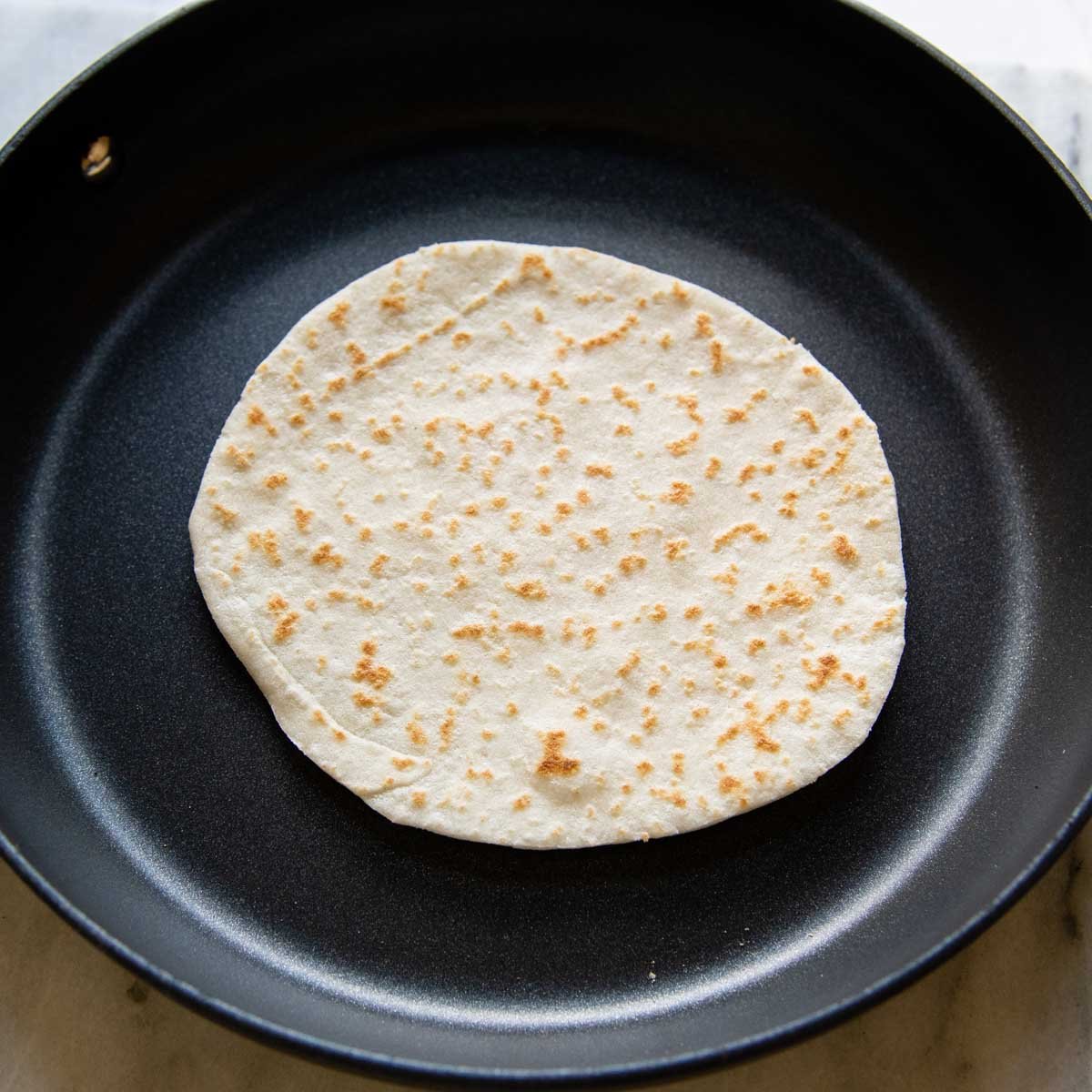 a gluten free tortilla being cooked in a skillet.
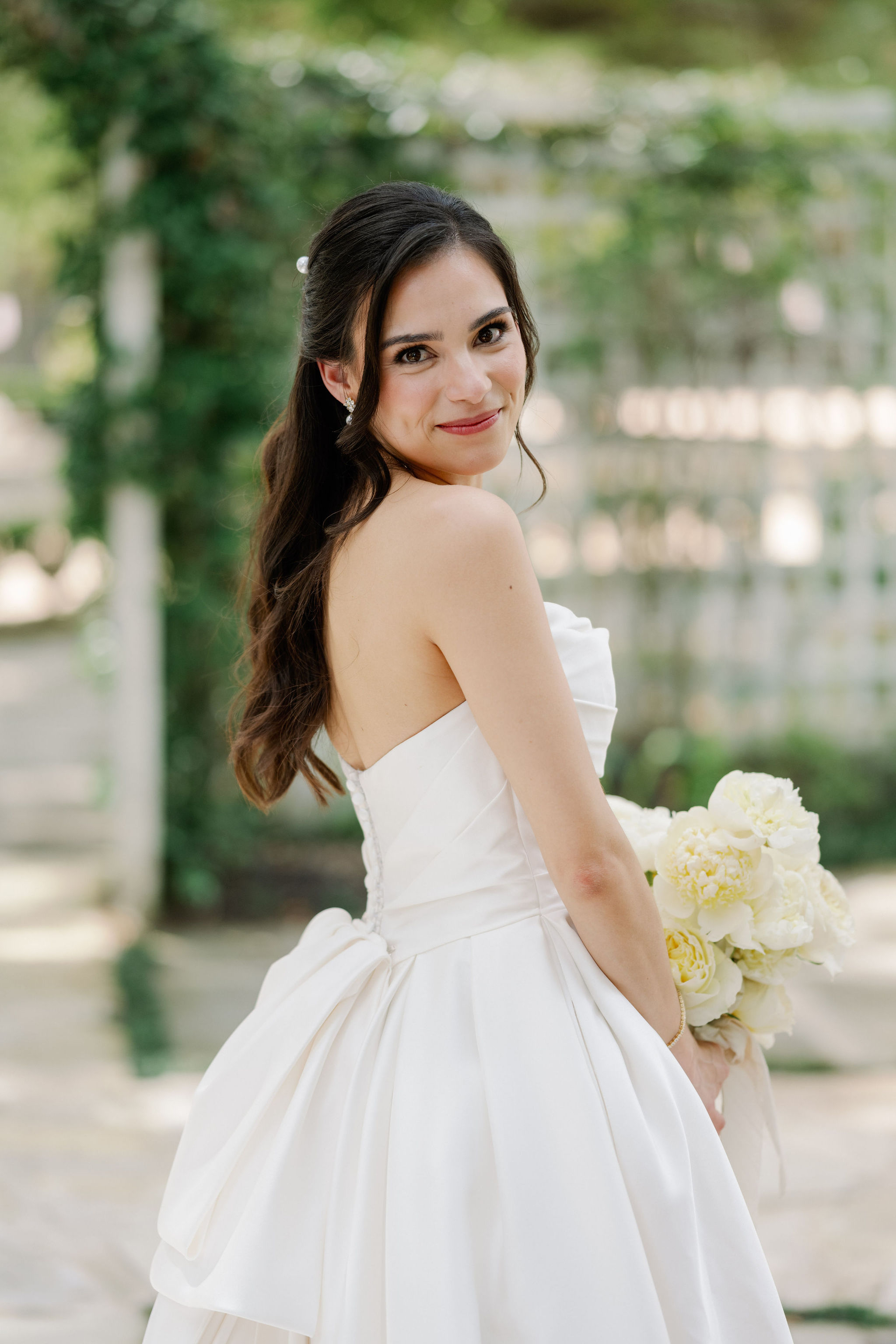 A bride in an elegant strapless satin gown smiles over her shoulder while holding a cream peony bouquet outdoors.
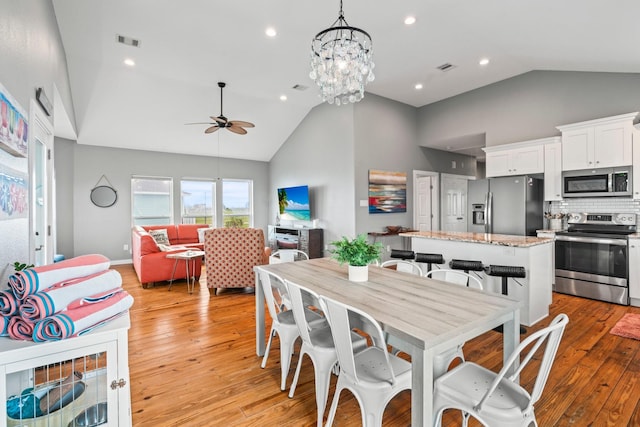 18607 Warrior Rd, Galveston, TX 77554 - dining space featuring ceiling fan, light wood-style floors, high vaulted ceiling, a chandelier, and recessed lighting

## Task statement:
What you give back must be the data above, reproduced exactly and free of pictures.

## Output:
 a gluten free tortilla being cooked in a skillet.
 A bride in an elegant strapless satin gown smiles over her shoulder while holding a cream peony bouquet outdoors.
 18607 Warrior Rd, Galveston, TX 77554 - dining space featuring ceiling fan, light wood-style floors, high vaulted ceiling, a chandelier, and recessed lighting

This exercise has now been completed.